Global Oil Consumption Rate Grows

Global Oil Consumption Rate Grows
Global oil consumption grew above the 10-year average rate for a second consecutive year in 2016.

Global oil consumption grew above the 10-year average rate for a second consecutive year in 2016, rising by 1.6 percent, or 1.6 million barrels per day, BP’s latest Statistical Review of World Energy revealed.

Strong increases in demand were seen from India (up 300,000 bpd) and Europe (up 300,000 bpd) and while demand from China continued to grow (up 400,000 bpd) it was lower than in recent years.

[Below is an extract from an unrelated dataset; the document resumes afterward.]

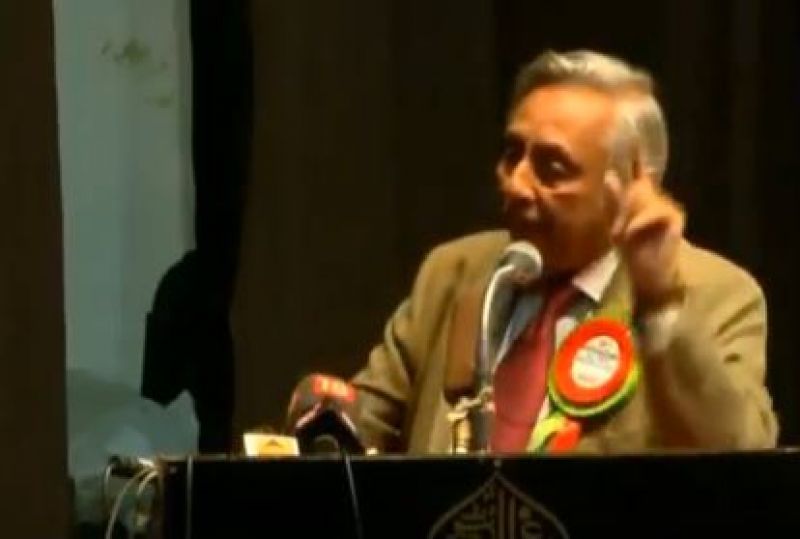 Mani Shankar Aiyar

Growth in production was limited to only 0.5 percent, which led to the oil market broadly returning back into balance by mid-year. However, prices continued to be depressed by the large overhang of built-up inventories. 

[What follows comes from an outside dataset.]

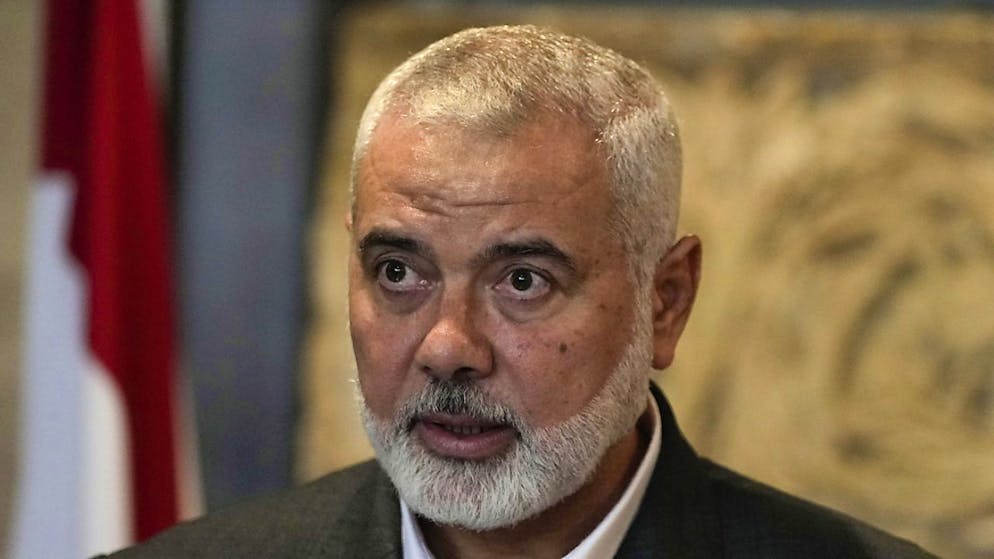 Prima di essere ucciso a luglio, l'ex capo politico di Hamas Ismail Haniyeh era uno degli alti funzionari del movimento a vivere in Qatar.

Natural gas production was also adversely affected by low prices, growing by only 0.3 percent. US gas output fell in 2016, the first reduction since the advent of the shale revolution in the mid-2000s.

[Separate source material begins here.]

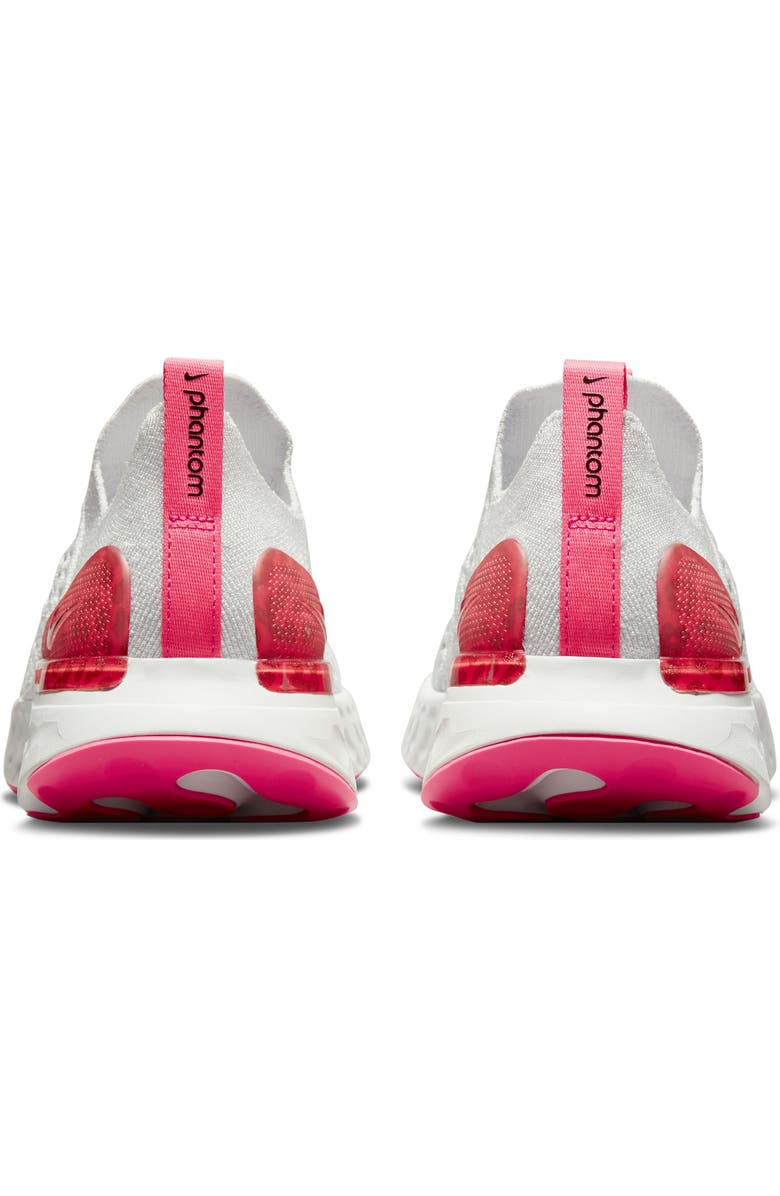 Nike React Phantom Run Flyknit 2 Running Shoe, Alternate, color,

Overall global energy demand was ‘weak’ in 2016 for the third consecutive year, growing by just 1 percent, according to BP’s review.

The growth rate was similar to rises of 0.9 percent and 1 percent seen in 2015 and 2014, respectively, and significantly lower than the 10-year average rate of growth of 1.8 percent. Almost all of the growth came from fast-growing developing economies, with China and India together accounting for half of all growth.

Renewables were the fastest growing of all energy sources, rising by 12 percent. Although providing still only 4 percent of total primary energy, the growth in renewables represented almost a third of the total growth in energy demand in 2016. In contrast, use of coal – the most carbon-intensive of the fossil fuels – fell steeply for a second year, down by 1.7 percent, primarily due to falling demand from both the US and China.

“Global energy markets are in transition,” Bob Dudley, BP group chief executive, said in a company statement.

“The longer-term trends we can see in this data are changing the patterns of demand and the mix of supply as the world works to meet the challenge of supplying the energy it needs while also reducing carbon emissions,” he added.